= Beginning of Section =
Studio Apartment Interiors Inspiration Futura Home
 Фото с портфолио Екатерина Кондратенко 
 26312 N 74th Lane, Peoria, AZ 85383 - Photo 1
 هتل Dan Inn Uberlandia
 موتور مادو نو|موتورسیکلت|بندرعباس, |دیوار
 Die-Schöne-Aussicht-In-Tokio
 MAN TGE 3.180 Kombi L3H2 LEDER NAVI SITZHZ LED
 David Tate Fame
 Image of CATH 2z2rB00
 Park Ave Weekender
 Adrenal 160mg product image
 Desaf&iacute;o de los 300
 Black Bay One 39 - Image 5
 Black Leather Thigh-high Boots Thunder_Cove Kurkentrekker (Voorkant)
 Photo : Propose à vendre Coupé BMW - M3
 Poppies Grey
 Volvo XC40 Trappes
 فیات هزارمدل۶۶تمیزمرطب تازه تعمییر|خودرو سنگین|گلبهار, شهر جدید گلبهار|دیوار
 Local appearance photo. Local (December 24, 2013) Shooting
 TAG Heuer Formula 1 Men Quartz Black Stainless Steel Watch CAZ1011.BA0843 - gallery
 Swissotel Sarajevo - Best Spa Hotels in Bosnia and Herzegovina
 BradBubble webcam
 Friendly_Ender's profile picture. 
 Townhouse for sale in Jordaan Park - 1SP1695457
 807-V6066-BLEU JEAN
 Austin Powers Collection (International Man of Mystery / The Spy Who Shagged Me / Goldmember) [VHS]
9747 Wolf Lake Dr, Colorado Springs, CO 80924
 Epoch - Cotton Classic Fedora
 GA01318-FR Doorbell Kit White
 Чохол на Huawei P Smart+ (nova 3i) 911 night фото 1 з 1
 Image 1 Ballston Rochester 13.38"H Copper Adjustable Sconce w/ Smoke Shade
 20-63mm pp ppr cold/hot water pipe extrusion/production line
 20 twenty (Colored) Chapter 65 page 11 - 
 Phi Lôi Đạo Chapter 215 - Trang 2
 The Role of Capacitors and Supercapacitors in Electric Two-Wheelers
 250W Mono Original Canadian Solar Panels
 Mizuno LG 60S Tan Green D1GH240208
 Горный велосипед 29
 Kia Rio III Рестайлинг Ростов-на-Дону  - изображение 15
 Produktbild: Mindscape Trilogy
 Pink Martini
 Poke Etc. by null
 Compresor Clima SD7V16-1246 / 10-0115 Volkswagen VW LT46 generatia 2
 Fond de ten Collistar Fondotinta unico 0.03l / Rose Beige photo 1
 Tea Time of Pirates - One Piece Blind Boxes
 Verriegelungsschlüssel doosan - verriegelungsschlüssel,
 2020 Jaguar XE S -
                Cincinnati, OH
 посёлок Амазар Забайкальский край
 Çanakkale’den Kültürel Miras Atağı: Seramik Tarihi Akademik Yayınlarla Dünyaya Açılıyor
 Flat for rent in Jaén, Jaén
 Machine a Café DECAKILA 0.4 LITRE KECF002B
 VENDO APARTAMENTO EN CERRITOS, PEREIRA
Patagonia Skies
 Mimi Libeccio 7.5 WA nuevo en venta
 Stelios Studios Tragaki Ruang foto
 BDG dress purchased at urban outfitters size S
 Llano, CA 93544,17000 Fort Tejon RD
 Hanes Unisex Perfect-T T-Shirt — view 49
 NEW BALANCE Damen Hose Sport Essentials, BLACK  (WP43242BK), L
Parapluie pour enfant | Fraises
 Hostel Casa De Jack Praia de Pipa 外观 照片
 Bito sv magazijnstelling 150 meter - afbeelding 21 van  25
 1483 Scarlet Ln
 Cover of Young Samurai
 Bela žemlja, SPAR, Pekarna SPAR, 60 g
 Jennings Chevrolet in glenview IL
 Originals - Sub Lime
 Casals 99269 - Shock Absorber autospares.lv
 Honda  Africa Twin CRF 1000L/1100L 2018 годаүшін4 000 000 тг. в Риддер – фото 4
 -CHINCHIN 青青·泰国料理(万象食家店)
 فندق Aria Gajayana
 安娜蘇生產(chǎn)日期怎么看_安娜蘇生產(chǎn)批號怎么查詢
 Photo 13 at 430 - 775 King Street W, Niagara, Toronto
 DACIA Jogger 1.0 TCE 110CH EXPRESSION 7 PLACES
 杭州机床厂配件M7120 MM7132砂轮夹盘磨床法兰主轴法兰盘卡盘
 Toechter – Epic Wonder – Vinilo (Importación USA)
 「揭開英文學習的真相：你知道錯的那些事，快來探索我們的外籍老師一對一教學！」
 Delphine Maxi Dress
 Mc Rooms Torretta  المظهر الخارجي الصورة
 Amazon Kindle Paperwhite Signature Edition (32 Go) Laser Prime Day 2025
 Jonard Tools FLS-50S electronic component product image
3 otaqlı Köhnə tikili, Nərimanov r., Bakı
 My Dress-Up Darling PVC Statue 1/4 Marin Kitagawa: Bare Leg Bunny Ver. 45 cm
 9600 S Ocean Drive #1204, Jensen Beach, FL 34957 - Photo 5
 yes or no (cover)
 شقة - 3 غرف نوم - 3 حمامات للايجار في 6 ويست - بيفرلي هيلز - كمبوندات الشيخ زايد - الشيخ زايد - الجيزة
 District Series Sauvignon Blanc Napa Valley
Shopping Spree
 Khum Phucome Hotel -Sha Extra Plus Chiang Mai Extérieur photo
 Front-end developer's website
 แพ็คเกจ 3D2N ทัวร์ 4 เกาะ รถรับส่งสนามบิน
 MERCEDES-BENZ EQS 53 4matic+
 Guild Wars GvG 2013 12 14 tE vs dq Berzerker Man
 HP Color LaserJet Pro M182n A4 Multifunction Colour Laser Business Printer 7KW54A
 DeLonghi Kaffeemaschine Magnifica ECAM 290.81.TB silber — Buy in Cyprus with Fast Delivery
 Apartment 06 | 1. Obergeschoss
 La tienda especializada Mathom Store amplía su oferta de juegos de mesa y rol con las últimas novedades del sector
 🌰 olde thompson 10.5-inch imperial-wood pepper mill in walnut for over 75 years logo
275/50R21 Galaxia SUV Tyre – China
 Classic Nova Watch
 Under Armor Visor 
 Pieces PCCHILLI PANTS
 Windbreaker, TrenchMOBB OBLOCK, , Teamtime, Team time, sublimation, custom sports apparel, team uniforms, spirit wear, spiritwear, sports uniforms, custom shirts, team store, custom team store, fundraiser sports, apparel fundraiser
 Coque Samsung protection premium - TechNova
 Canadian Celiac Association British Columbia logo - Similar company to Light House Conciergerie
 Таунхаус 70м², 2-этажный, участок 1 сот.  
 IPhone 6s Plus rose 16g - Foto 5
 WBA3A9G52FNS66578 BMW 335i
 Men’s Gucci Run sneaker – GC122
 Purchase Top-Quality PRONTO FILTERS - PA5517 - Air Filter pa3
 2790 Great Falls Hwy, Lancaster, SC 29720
= End of Section =
WHAT TO PRODUCE
Here, the lines to copy run from the one containing "Canadian Celiac Association" to the final line of the listing; copy them exactly and nothing else.

SOLUTION FOR THIS PROBLEM
 Canadian Celiac Association British Columbia logo - Similar company to Light House Conciergerie
 Таунхаус 70м², 2-этажный, участок 1 сот.  
 IPhone 6s Plus rose 16g - Foto 5
 WBA3A9G52FNS66578 BMW 335i
 Men’s Gucci Run sneaker – GC122
 Purchase Top-Quality PRONTO FILTERS - PA5517 - Air Filter pa3
 2790 Great Falls Hwy, Lancaster, SC 29720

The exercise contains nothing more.